NASHVILLE, Tennessee (Reuters) - The Tennessee clinic that received more potentially tainted steroid than any facility in the nation has been closed temporarily as it struggles to cope with an avalanche of patient calls about the deadly meningitis outbreak, its administrator said.
The Saint Thomas Outpatient Neurosurgery Center in Nashville received 2,000 vials of the steroid from a Massachusetts company. The drug was shipped to 76 facilities in 23 states.
Twenty people have died, including three at the hospital where the clinic is located, and 254 contracted fungal meningitis traced to vials from New England Compounding Center used mainly for epidural injections to ease back pain.
Tennessee has more confirmed cases than any other state. The Nashville clinic was one of the first to notice its patients were suffering from severe headaches and other symptoms.
The clinic, which administered about 5,000 epidural injections a year for back pain, closed on September 20 and has not reopened.
"We started out with 300 phone calls a day and now we are getting 40 or 50. As long as these phone calls are coming in, we are not comfortable to be open," Scott Butler, administrator of the clinic, said in an interview on Wednesday.
"I would never want somebody who called in, in pain, to be told ?We're working here. We'll call you back,'" Butler said.
It is still not clear how much of the clinic's medication was tainted with a fungus.
The Tennessee Department of Health said 477 of the 2,520 vials shipped to three facilities in the state, including Saint Thomas clinic, were not used. This suggests that all but about 20 percent of the supply was administered to patients.
Butler said he could not comment on the clinic's relationship with NECC. The Massachusetts pharmacy compounder faces multiple investigations including whether it broke state and federal laws by shipping medications in bulk.
The outbreak has been stressful for patients and the clinic's 15 employees.
"It has been one of the most emotionally taxing things on these employees over there, simply because every patient they are talking to is scared and in pain. It has been very tough," Butler said.
It has hurt the business of the clinic, which continues to pay its employees while as the facility remains closed.
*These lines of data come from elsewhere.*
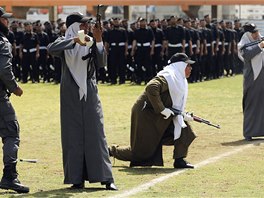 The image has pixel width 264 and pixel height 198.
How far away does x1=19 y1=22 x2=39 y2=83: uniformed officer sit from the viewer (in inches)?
1105

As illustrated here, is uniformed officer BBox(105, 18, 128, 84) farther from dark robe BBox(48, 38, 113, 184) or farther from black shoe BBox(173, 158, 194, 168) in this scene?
dark robe BBox(48, 38, 113, 184)

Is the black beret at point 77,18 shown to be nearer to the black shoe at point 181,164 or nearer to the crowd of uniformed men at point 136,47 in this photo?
the black shoe at point 181,164

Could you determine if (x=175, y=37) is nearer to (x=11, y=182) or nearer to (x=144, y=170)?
(x=144, y=170)

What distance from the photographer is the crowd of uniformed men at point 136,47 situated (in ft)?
89.1

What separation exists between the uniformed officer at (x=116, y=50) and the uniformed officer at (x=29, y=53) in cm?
210

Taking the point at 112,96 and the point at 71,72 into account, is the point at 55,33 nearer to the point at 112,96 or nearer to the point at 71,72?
the point at 112,96

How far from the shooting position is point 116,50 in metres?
27.8

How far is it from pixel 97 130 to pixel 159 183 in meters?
0.94

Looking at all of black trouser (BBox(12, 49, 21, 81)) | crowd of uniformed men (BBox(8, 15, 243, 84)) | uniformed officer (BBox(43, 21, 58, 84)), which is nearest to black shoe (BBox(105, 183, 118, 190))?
crowd of uniformed men (BBox(8, 15, 243, 84))

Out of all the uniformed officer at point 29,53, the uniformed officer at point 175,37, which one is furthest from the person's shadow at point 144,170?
the uniformed officer at point 29,53

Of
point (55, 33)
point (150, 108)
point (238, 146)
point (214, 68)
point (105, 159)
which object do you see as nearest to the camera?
point (105, 159)

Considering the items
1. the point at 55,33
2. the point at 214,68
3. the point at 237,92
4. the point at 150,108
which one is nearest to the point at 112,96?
the point at 237,92

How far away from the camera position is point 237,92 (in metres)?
24.3

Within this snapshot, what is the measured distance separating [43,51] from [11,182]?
61.7 feet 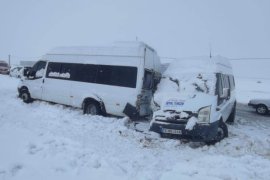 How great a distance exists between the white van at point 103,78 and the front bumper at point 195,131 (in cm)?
243

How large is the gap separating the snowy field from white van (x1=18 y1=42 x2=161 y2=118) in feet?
5.63

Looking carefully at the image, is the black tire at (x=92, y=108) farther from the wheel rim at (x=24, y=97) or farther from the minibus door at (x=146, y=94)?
the wheel rim at (x=24, y=97)

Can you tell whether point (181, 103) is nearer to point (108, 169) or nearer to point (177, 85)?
point (177, 85)

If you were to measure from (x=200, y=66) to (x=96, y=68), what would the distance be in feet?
12.9

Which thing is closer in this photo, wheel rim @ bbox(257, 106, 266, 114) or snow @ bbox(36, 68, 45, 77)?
snow @ bbox(36, 68, 45, 77)

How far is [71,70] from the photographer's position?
40.6 ft

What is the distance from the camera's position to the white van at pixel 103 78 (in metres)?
10.7

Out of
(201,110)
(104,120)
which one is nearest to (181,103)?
(201,110)

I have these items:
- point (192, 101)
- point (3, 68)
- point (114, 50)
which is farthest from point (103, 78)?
point (3, 68)

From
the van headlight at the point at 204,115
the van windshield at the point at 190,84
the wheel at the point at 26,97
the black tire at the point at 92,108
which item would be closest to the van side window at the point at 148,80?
the van windshield at the point at 190,84

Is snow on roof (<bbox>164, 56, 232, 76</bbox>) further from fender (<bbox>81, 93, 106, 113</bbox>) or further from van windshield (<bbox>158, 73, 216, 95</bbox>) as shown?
fender (<bbox>81, 93, 106, 113</bbox>)

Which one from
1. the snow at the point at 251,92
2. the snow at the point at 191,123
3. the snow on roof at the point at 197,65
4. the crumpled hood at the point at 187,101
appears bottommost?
the snow at the point at 251,92

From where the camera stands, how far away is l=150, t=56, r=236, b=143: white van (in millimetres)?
7918

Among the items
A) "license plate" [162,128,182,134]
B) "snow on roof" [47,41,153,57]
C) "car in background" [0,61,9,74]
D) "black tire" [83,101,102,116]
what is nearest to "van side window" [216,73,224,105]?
"license plate" [162,128,182,134] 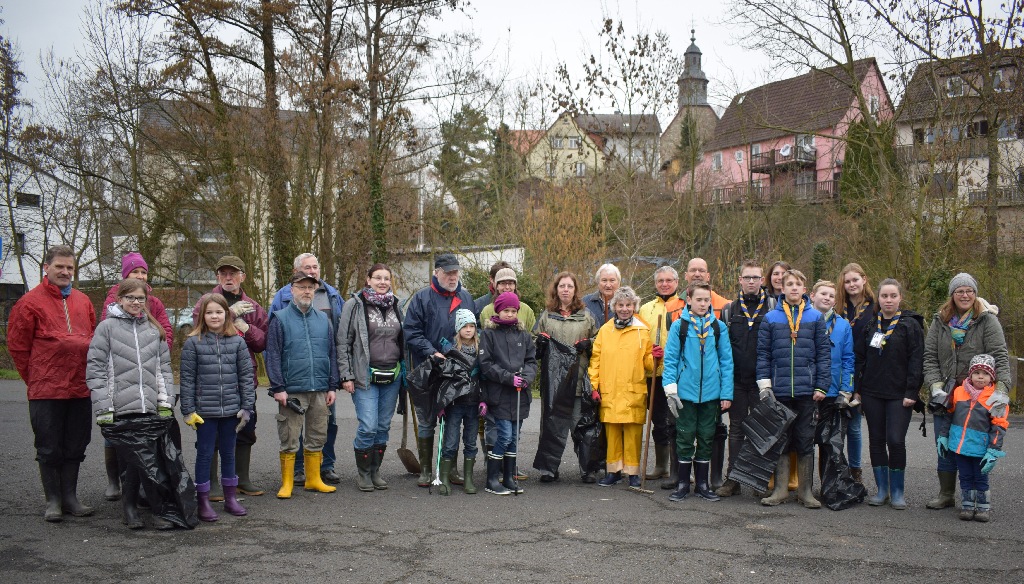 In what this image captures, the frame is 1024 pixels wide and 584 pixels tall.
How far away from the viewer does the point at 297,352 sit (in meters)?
7.13

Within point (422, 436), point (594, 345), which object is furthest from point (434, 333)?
point (594, 345)

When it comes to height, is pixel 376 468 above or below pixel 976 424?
below

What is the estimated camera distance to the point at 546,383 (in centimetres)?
794

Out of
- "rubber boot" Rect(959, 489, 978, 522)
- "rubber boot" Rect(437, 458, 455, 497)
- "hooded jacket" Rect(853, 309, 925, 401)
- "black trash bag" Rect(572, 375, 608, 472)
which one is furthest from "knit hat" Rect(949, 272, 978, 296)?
"rubber boot" Rect(437, 458, 455, 497)

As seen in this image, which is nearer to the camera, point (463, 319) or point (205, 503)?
point (205, 503)

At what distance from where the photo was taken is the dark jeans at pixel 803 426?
695 centimetres

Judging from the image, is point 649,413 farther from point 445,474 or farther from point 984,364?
point 984,364

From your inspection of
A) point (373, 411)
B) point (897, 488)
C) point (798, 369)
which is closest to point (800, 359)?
point (798, 369)

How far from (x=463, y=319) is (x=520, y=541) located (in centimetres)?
233

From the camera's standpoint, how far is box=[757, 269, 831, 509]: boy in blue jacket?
6.92 meters

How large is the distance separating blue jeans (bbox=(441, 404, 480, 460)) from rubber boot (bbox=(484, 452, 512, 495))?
0.17m

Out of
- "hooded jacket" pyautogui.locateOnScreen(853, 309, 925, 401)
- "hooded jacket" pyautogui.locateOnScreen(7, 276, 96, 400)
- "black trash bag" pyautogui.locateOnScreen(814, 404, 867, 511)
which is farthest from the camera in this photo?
"hooded jacket" pyautogui.locateOnScreen(853, 309, 925, 401)

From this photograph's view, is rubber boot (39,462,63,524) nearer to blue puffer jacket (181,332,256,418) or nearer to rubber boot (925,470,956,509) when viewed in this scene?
blue puffer jacket (181,332,256,418)

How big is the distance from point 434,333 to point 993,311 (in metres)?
4.82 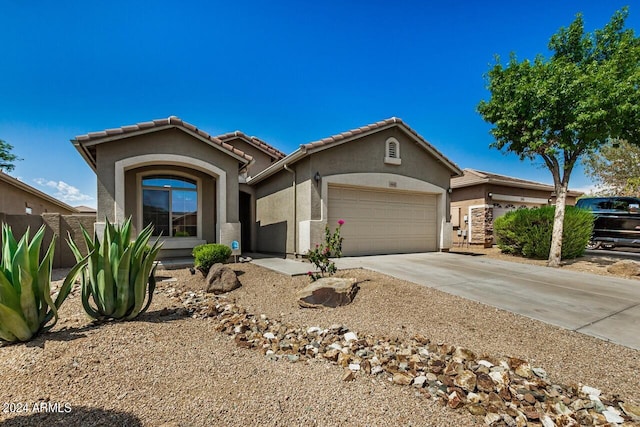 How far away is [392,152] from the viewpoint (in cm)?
1118

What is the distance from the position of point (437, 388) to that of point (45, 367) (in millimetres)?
3555

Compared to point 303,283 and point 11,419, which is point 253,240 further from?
point 11,419

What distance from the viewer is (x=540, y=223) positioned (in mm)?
10281

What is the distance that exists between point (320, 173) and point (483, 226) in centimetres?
1045

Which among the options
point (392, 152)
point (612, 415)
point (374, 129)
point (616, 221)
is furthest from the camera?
point (616, 221)

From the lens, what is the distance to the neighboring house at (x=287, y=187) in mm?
8242

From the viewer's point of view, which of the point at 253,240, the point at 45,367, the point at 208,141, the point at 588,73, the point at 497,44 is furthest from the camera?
the point at 253,240

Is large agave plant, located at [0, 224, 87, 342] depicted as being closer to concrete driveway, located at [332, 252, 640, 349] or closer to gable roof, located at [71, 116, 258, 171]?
gable roof, located at [71, 116, 258, 171]

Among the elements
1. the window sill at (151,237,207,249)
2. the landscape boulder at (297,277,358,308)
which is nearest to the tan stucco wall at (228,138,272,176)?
the window sill at (151,237,207,249)

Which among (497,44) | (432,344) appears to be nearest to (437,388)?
(432,344)

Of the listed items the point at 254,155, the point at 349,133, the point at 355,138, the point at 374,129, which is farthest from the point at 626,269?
the point at 254,155

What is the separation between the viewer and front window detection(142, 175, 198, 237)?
369 inches

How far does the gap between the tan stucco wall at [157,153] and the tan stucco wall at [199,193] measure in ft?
0.95

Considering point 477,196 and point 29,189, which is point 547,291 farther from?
point 29,189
It has also hurt the business of the clinic, which has continued to pay its employees full-time even as the facility remains closed and has received unwanted publicity.
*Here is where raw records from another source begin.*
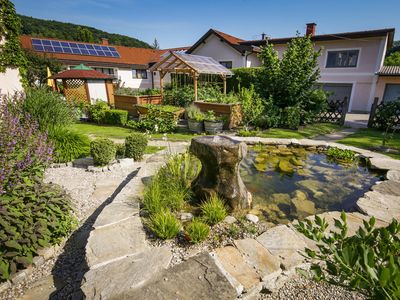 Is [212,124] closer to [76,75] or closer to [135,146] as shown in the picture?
[135,146]

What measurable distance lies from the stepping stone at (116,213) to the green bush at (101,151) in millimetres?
2323

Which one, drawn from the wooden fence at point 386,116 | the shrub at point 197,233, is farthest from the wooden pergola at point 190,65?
the shrub at point 197,233

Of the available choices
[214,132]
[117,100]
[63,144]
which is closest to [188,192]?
[63,144]

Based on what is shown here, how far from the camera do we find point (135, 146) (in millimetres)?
5906

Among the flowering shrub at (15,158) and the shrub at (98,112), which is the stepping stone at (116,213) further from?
the shrub at (98,112)

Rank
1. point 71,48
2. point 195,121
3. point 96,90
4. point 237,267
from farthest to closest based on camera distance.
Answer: point 71,48
point 96,90
point 195,121
point 237,267

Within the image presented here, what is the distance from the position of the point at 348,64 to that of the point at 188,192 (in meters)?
19.8

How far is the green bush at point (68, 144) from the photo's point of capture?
5.74m

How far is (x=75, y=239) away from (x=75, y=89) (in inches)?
592

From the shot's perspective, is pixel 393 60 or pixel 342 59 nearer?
pixel 342 59

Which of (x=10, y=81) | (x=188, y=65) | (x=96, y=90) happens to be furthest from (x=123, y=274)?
(x=96, y=90)

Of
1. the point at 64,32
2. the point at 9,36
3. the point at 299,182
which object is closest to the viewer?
the point at 299,182

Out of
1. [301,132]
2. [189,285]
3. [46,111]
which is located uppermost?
[46,111]

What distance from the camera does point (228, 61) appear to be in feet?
67.3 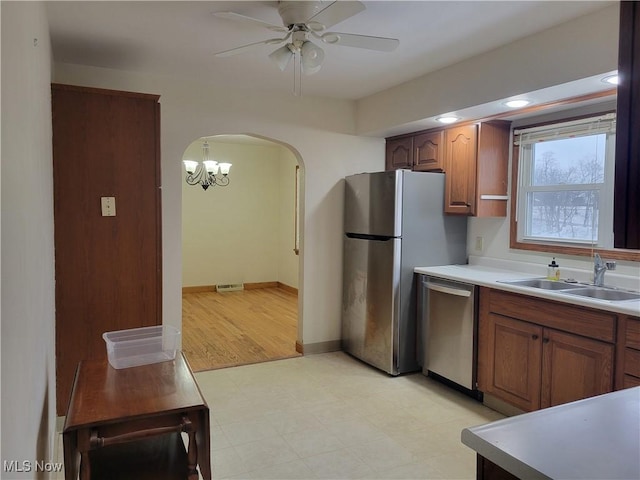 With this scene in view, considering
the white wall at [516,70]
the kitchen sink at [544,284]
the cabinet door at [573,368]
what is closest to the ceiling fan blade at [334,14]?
the white wall at [516,70]

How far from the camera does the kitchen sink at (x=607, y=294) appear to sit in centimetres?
277

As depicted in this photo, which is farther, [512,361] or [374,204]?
[374,204]

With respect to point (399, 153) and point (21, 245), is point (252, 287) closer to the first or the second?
point (399, 153)

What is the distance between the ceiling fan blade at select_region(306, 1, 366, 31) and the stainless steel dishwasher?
2.03 m

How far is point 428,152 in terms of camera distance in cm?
408

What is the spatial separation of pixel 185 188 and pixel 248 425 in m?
5.02

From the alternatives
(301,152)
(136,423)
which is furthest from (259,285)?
(136,423)

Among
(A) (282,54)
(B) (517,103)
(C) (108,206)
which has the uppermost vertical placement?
(A) (282,54)

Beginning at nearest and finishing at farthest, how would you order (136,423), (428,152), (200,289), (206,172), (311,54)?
1. (136,423)
2. (311,54)
3. (428,152)
4. (206,172)
5. (200,289)

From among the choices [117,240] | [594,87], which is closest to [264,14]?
[117,240]

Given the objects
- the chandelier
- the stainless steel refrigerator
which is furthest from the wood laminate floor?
the chandelier

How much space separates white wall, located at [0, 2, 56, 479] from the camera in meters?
1.07

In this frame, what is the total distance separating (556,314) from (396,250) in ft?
4.38

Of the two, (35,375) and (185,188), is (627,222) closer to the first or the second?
(35,375)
The clinic is on the ninth floor of a building adjacent to Saint Thomas Hospital, which has sought to distance itself from the clinic since the outbreak, even though the two share some common ownership and part of the same name.
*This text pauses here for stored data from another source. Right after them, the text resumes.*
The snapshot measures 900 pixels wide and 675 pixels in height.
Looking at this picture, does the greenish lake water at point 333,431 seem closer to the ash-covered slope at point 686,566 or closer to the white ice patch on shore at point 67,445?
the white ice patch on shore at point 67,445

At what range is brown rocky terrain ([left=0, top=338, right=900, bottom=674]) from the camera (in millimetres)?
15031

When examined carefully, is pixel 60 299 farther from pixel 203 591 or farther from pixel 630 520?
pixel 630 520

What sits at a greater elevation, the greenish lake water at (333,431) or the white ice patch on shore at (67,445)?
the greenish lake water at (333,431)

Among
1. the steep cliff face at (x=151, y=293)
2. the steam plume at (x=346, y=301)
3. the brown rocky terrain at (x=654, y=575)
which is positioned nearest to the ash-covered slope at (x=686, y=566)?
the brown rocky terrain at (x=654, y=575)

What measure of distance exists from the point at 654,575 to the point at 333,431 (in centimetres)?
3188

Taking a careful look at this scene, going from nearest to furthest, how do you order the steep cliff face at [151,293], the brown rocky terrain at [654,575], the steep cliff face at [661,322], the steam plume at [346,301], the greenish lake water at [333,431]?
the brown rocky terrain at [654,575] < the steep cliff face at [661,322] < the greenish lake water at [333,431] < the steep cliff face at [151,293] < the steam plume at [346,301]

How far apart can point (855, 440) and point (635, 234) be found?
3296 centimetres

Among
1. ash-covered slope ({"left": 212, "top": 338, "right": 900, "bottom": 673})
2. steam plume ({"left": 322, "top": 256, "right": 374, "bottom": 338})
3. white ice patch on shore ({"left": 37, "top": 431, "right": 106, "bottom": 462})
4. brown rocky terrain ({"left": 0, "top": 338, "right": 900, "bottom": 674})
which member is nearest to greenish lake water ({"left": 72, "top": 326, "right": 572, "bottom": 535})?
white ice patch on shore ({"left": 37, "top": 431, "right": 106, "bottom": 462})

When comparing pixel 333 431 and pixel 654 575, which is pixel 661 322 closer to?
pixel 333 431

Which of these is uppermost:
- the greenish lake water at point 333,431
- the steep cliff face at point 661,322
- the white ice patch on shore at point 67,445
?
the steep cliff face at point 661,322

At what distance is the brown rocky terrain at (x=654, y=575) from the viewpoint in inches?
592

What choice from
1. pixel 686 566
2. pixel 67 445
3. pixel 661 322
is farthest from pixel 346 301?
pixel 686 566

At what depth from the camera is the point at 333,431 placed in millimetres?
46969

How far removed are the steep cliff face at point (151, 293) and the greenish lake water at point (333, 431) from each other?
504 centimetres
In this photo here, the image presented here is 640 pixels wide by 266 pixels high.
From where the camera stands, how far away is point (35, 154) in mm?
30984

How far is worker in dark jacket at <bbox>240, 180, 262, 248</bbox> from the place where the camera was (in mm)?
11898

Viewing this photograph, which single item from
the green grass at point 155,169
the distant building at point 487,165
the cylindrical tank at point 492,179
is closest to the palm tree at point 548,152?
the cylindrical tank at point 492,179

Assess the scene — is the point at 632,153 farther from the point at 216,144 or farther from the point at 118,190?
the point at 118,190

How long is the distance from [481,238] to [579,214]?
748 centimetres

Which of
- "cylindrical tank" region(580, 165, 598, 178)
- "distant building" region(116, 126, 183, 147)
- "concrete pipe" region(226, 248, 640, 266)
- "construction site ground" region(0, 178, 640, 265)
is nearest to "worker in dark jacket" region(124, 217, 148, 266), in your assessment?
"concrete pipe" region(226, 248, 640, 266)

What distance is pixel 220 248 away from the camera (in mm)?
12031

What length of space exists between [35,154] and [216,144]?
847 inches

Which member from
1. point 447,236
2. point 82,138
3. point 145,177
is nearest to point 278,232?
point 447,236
"The only center that received the tainted steroids was the ninth-floor Outpatient Neurosurgery Center, which is separate from the hospital or any other outpatient center on the Saint Thomas campus," Saint Thomas Hospital Dr. Robert Latham said last Friday in a briefing hosted by the Tennessee Health Department.
Saint Thomas Network, which owns Saint Thomas Hospital and other hospitals in Tennessee, also is a part owner of the clinic through a joint venture with Howell Allen Clinic.
The Tennessee Health Department said the clinic has been helpful in its efforts to investigate the outbreak and is free to reopen. But Butler said that will not happen soon.
"Obviously it's hurting business. Our concern right now is taking care of the patients. As we get down the road, we'll worry about the business," Butler said.